UU ITE sebagai payung hukum
Hampir semua aktivitas cyber crime membutuhkan aktivitas lainnya
untuk melancarkan aktivitas yang dituju. Karena itu UU ITE harus mampu
mencakupi semua peraturan terhadap aktivitas-aktivitas cyber crime. Dan
seharusnya masyarakat dapat diperkenalkan lebih lanjut mengenai UUD ITE
supaya masyarakat tidak rancu lagi mengenai tata tertib mengenai
cyberlaw ini dan membantu mengurangi kegiatan cyber crime di Indonesia.
Isi UU ITE yang membahayakan kebebasan pendapat pengguna onlline.
Pasal dalam Undang-Undang ITE pada awalnya kebutuhan akan cyner law di
Indonesia berangkat dari mulai banyaknya transaksi-transaksi
perdaganganyang terjadi lewat dunia maya. Dan dalam perkembangannya, UU
ITE yang rancangannya sudah masuk dalam agenda DPR sejak hampir sepuluh
tahun yang lalu, terus mengalami penambahan disana-sini, termasuk
perlindungan dari serangan hacker, pelarangan penayangan content. Yang
jelas, dengan adanya UU ITE ini, sudah ada payung hukum di dunia maya.
Secara umum dijelaskan dalam Undang-Undang Informasi dan Transaksi
Elektronik (UU ITE).
Kontroversi yang disebabkan beberapa kelemahan pada UU ITE
- UU ini dianggap dapat membatasi hak kebebasan berekspresi, mengeluarkan pendapat dan bisa menghambat kretivitas dalam ber-internet, terutama pada pasal 27 ayat (1), Pasal 27 ayat (3), Pasal 28 ayat (2), dan Pasal 31 ayat (3). Pasal-pasal tersebut umumnya memuat aturan-aturan warisan pasal karet (haatzai ertikelen). Karena bersifat lentur, subjektif, dan sangat tergantung interpretasi pengguna UU ITE ini. Ancaman untuk ketiganya pun tak main-main yaitu penjara paling lama 6 tahun dan/ atau denda paling banyak 1 miliar rupiah.

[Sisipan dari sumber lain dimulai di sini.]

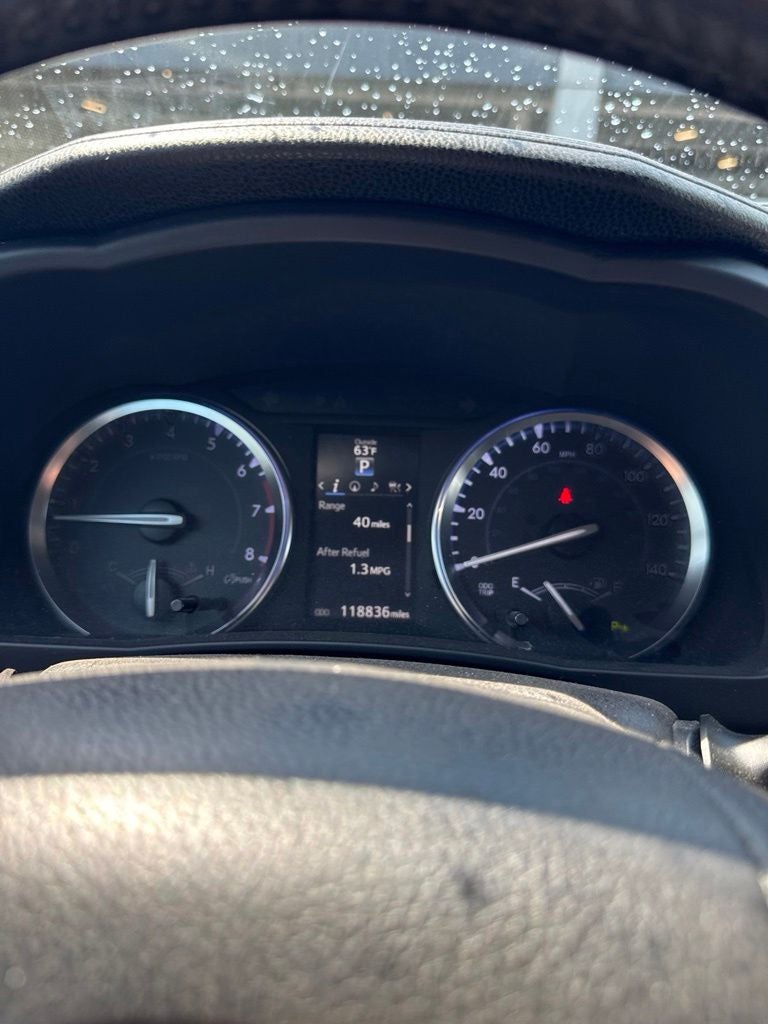 2014 Toyota Highlander Limited Platinum V6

Tambahan lagi, dalam konteks pidana ketiga delik ini berkategori delik formil, jadi tidak perlu dibuktikan akan adanya akibat dianggap sudah sempurna perbuatan pidananya. Ketentuan delik formil ini, di masa lalu sering digubakan untuk menjerat pernyataan-pernyataan yang bersifat kritik. Pasal-pasal ini masih dipermasalahkan oleh sebagian blogger Indonesia.

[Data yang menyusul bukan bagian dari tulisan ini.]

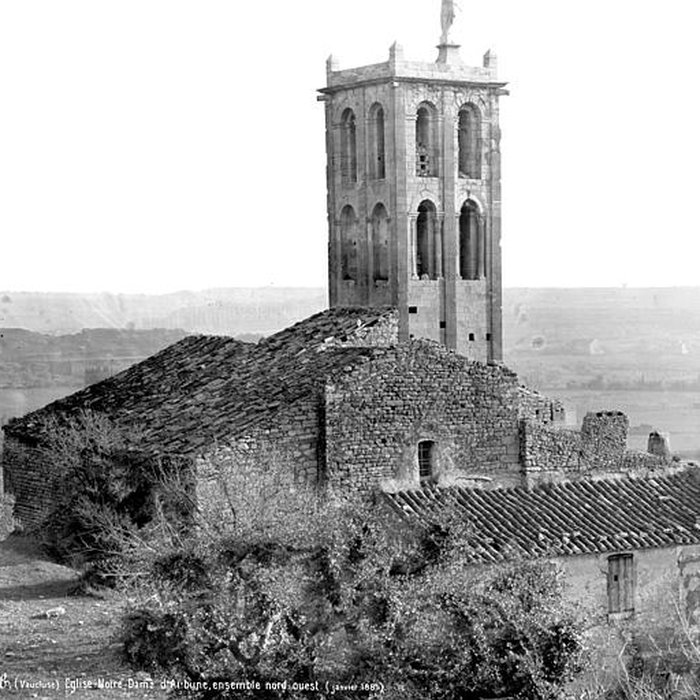 Photo de Chapelle Notre-Dame dAubune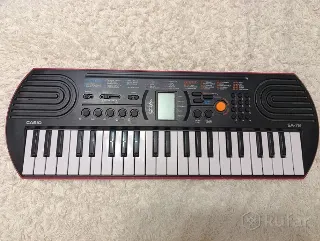 Синтезатор casio sa-78
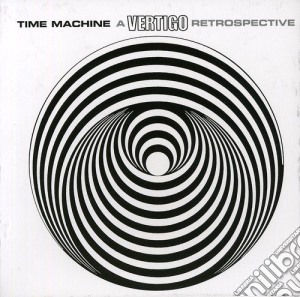 Time machine - a vertigo retrospective - cd musicale di Artisti Vari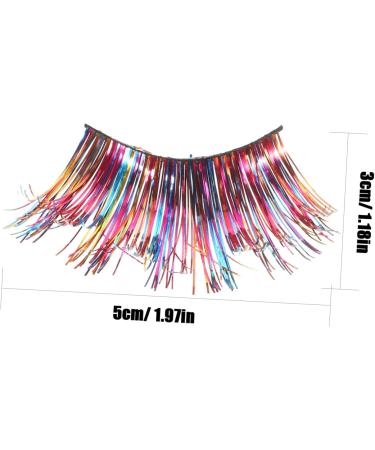 FRCOLOR 3 Pairs False Lashes Clothing Eyelash - Buy Online on GoSupps.com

- Belum ada pembahasan tentang spamming.
- Masih terbuka munculnya moral hazard memanfaatkan kelemahan pengawasan akibat euforia demokrasi dan otonomi daerah, seperti yang kadang terjadi pada pelaksanaan K3 dan AMDAL.

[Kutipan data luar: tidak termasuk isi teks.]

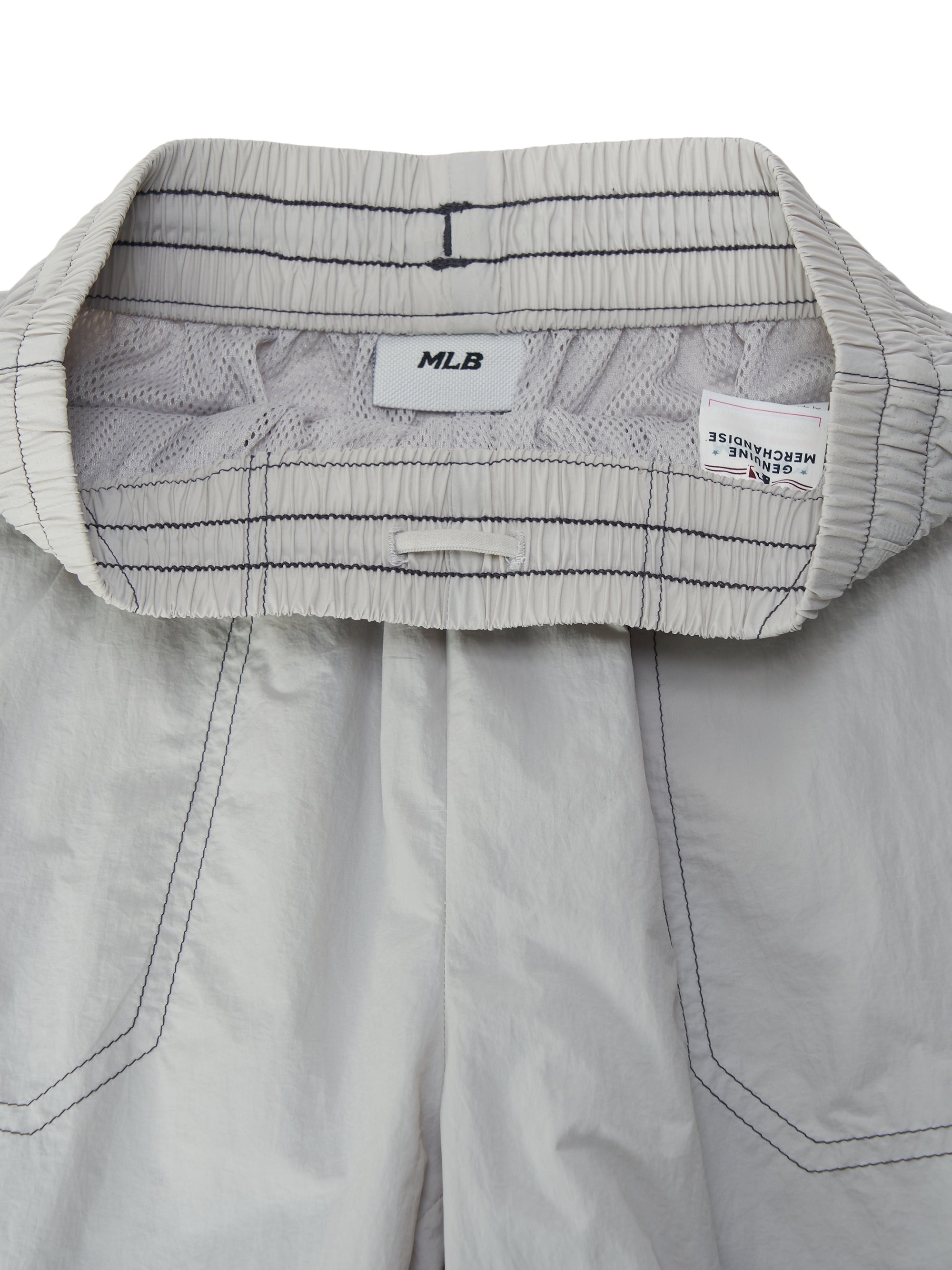 OUTDOOR BASIC WOVEN T-SHIRT SET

- Masih sarat dengan muatan standar yang tidak jelas, misalnya standar kesusilaan, definisi perjudian, interpretasi suatu penghinaan. Siapa yang berhak menilai standarnya? Ini sejalan dengan kontoversi besar pada pembahasan undang-undang anti pornografi.
- Ada masalah yuridiksi hukum yang belum sempurrna. Ada suatu pengandaian dimana seorang WNI membuat suatu software kusus pornografi di luar negri akan dapat bebas dari tuntutan hukum.